HiCache is functional with --hicache-ratio 2.0: The prefill server starts successfully and allocates host memory pools for the DeepSeek V4 indexer state. The absence of ValueError or other errors confirms the configuration is valid.

Startup time is ~70 seconds: This provides a baseline for future restarts and helps set expectations for deployment rollouts.

Per-rank allocation sizes are revealed: Each tensor-parallel rank receives 0.57 GB for the indexer state pool and 2.30 GB for the main compressed KV state pool. These numbers help the assistant (and the user) understand the memory footprint of HiCache and calibrate the ratio for future tuning.

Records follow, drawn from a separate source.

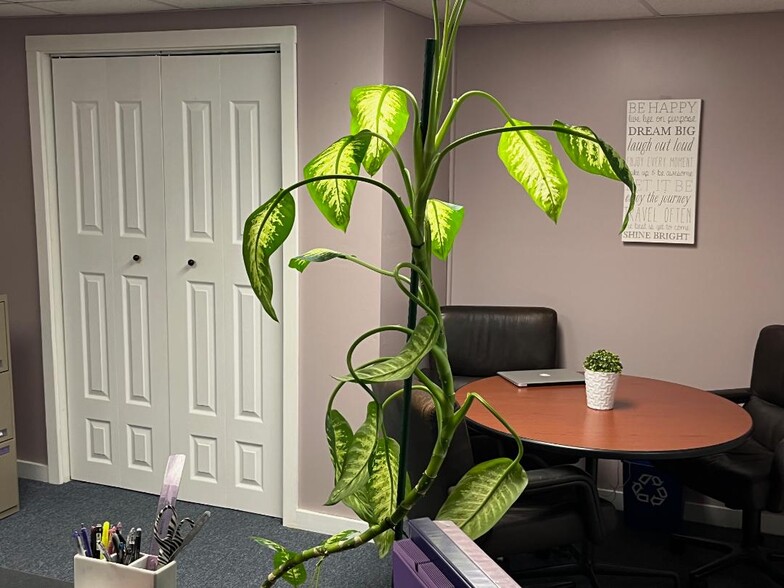 284 Merrow Rd, Tolland, CT à vendre - Photo intérieure - Image 3 de 37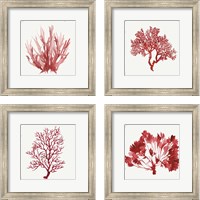 Framed Red Coral 4 Piece Framed Art Print Set
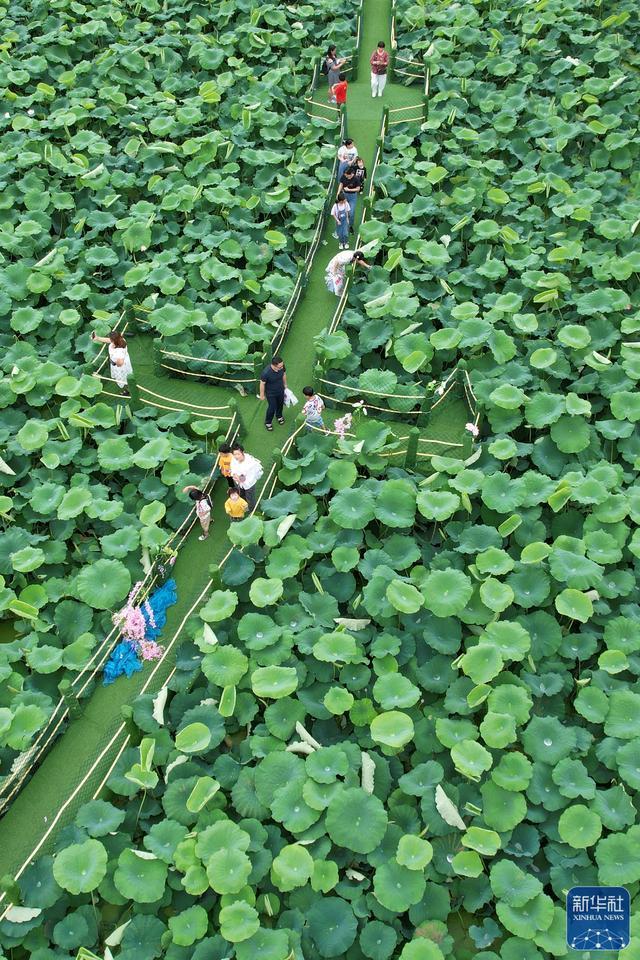 荷花宫样美人妆，荷叶临风翠作裳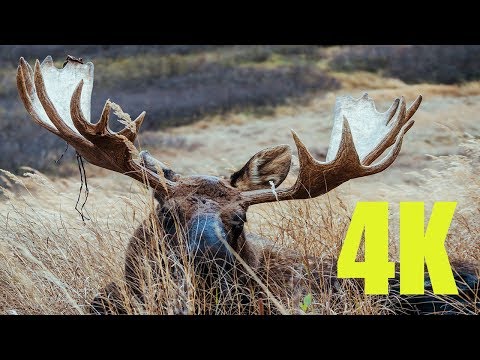 DEFEATED BULL MOOSE | SUPER UP CLOSE IN 4K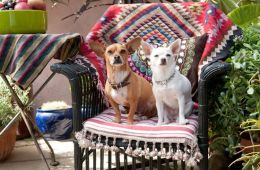 Крошка из Беверли-Хиллз 2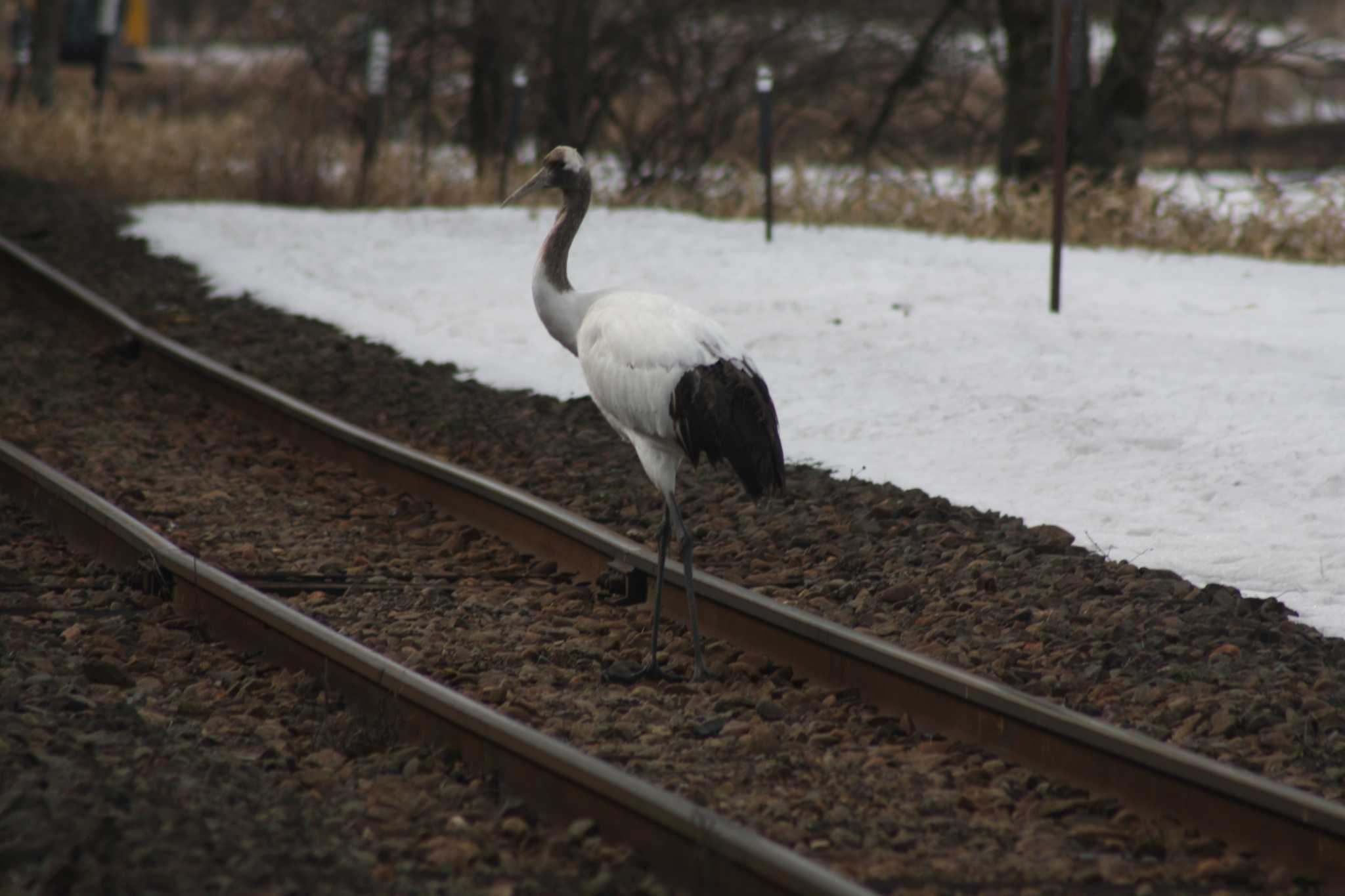 Photo of Red-crowned Crane at 茅沼駅 by ベラルーシ三郎🇧🇾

The crash-loop is definitively resolved: The restart counter (visible in [msg 13079]) showed 2 restarts during the crash-loop. After this fix, the service stays active, confirming that the --hicache-size--hicache-ratio change was the correct intervention.

The Thinking Process

While message [msg 13081] itself contains no explicit reasoning block (it is a direct tool call with output), the thinking that produced it is visible in the preceding messages. The diagnostic chain is instructive:

  1. [msg 13074]: The assistant identifies the production incident root cause (queue saturation) and proposes HiCache as a secondary fix. It checks feasibility by examining host RAM availability and grepping the SGLang codebase for HiCache compatibility with DeepSeek V4.
  2. [msg 13075]: The assistant considers NUMA constraints (each server is pinned to a 240 GB NUMA node) and plans a staged rollout: admission control first, then HiCache.
  3. [msg 13077]: The assistant deploys both changes simultaneously, including the problematic --hicache-size 150.
  4. [msg 13079]: Upon receiving the user's crash report, the assistant immediately investigates by checking service states and journalctl logs. The grep pattern targets error-related keywords, efficiently extracting the ValueError.
  5. [msg 13080]: The assistant reads the error message, understands the constraint (DeepSeek V4 HiCache requires --hicache-ratio), and edits the script. The reasoning shows careful consideration of the ratio value, including calculations of device pool size and NUMA limits. This chain demonstrates a mature debugging methodology: form a hypothesis, test it, observe the failure, read the error message carefully, understand the constraint, and apply the minimal fix. The assistant does not panic or revert all changes — it isolates the problematic flag and corrects it while preserving the admission control fix that was working correctly.

Conclusion

Message [msg 13081] captures a moment of recovery in a complex production deployment. A single misconfigured flag — --hicache-size instead of --hicache-ratio — had caused a crash-loop that could have been destabilizing. The assistant's response demonstrates several virtues of systematic operations: rapid diagnosis through log inspection, precise surgical correction rather than wholesale reversion, robust deployment with syntax checking and health polling, and defensive verification through targeted log grepping.

The message also reveals an important lesson about configuration assumptions in complex systems: parameters that work for one model architecture may fail for another, and the only way to discover these constraints is through either exhaustive code review or (more practically) careful observation of runtime errors. The assistant's willingness to read the error message — truly read it, understand it, and act on it — is the core skill on display here.

For the broader deployment, this fix restores HiCache functionality on the prefill server, enabling prefix caching for repeated prompt prefixes. The modest allocation sizes (~0.57 GB per rank for the indexer) suggest that the ratio may need tuning upward to achieve the user's 300 GB target, but that is a tuning exercise for another day. The cluster is healthy, the crash-loop is broken, and the foundation is laid for the next round of optimization.